I realise that I am lucky to work with a respectful group of people who do not require close scrutiny and criticism of their behaviour while other departments and universities are in desperate need of close attention and direction in order to make their working relationships bearable, however some women in academia take a disproportionately aggressive approach and they produce exceptionally venomous material that is directed towards male academics in general. This approach sits very uncomfortably with me and, if I am honest, their indefensible generalisations make me question whether the issue is as prevalent as they claim or whether they hold university positions or carry out research that relies heavily upon misogyny and harassment existing in the workplace, to which a successful eradication of these behaviours would put them out of a job. If I was a man I would take great offence upon hearing these generalised attacks however it must be extremely difficult to engage with this material as a male, hence I suspect why I am increasingly encountering women working in university departments who, like me, feel sympathy towards our male colleagues who endure criticism by virtue of assumptions made about their gender rather than from their observed behaviour.

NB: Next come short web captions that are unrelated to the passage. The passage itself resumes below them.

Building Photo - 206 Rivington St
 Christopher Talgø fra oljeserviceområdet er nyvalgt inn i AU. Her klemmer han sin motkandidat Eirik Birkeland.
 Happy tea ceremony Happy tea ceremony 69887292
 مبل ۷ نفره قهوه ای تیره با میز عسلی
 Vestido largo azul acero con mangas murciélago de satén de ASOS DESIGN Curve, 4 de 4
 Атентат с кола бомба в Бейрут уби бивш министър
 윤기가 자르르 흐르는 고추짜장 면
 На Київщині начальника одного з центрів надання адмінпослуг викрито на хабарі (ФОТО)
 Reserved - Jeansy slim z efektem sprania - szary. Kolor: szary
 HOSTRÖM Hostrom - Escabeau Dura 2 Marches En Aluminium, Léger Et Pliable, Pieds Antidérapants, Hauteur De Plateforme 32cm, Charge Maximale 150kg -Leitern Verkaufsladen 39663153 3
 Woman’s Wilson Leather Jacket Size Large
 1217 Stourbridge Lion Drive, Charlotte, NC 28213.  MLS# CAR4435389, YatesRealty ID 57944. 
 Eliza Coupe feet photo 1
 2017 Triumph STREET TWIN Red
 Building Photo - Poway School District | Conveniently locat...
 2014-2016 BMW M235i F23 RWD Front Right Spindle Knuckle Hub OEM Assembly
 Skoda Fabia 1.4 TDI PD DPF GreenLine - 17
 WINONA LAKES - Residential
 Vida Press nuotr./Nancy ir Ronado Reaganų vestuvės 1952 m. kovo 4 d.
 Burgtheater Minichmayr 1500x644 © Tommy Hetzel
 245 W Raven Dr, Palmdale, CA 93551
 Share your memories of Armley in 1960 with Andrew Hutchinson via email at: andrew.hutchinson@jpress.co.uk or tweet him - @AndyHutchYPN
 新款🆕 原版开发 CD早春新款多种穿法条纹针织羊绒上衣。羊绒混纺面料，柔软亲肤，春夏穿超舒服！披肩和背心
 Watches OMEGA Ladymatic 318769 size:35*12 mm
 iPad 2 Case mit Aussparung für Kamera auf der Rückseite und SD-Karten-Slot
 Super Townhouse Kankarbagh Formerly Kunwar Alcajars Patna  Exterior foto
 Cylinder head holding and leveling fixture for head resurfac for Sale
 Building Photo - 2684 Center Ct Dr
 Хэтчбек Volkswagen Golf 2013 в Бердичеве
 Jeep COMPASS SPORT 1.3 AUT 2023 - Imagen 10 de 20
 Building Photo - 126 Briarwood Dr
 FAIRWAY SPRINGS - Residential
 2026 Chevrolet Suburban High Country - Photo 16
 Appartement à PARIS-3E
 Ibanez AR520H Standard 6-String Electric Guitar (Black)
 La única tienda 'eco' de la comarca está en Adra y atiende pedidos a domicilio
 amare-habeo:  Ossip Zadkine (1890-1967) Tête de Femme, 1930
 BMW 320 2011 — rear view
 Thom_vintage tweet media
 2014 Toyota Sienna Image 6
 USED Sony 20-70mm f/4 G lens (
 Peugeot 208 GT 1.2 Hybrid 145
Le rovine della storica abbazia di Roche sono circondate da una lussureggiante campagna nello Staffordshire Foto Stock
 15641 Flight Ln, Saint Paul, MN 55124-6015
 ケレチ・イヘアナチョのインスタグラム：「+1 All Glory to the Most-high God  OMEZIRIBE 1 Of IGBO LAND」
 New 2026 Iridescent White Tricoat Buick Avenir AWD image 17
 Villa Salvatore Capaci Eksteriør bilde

To those women in academia who are currently rampaging through university departments and sticking both barrels into the gullet of every man they see, I would offer this note of caution: know your enemy. By all means aim for the bad guys and I will buy you all the ammo that you need to take them down, but please don’t take the scattergun approach because you’re taking good people down with them. In my experience, the good guys outnumber the bad and for every creepy guy who follows you around the room at a conference trying to give you his mobile number, there is a guy who would like to invite you to a whisky party because he admires your work and he would like to talk to you about it. Or there is a male member of staff who feels socially awkward at the best of times and he would like to engage more with his colleagues, but he’s afraid to speak up in case he plays the game incorrectly and says the wrong thing. Or there is an older male member of staff who has the deepest respect for the women that he works with, but he’s afraid to congratulate an administrator on her pregnancy in case he is considered to be speaking out of turn. Certainly there are monsters who target women in all walks of life and we must raise awareness and strive to keep each other safe, we must ensure that no-one is disadvantaged due to their gender and we must seek to punish those of any gender who behave abysmally towards their colleagues, but we should also guard against demonising a whole swathe of men based upon generalised conjecture and thereby behaving precisely like the same tyrannical, presumptive and intolerant monsters that we are fighting against.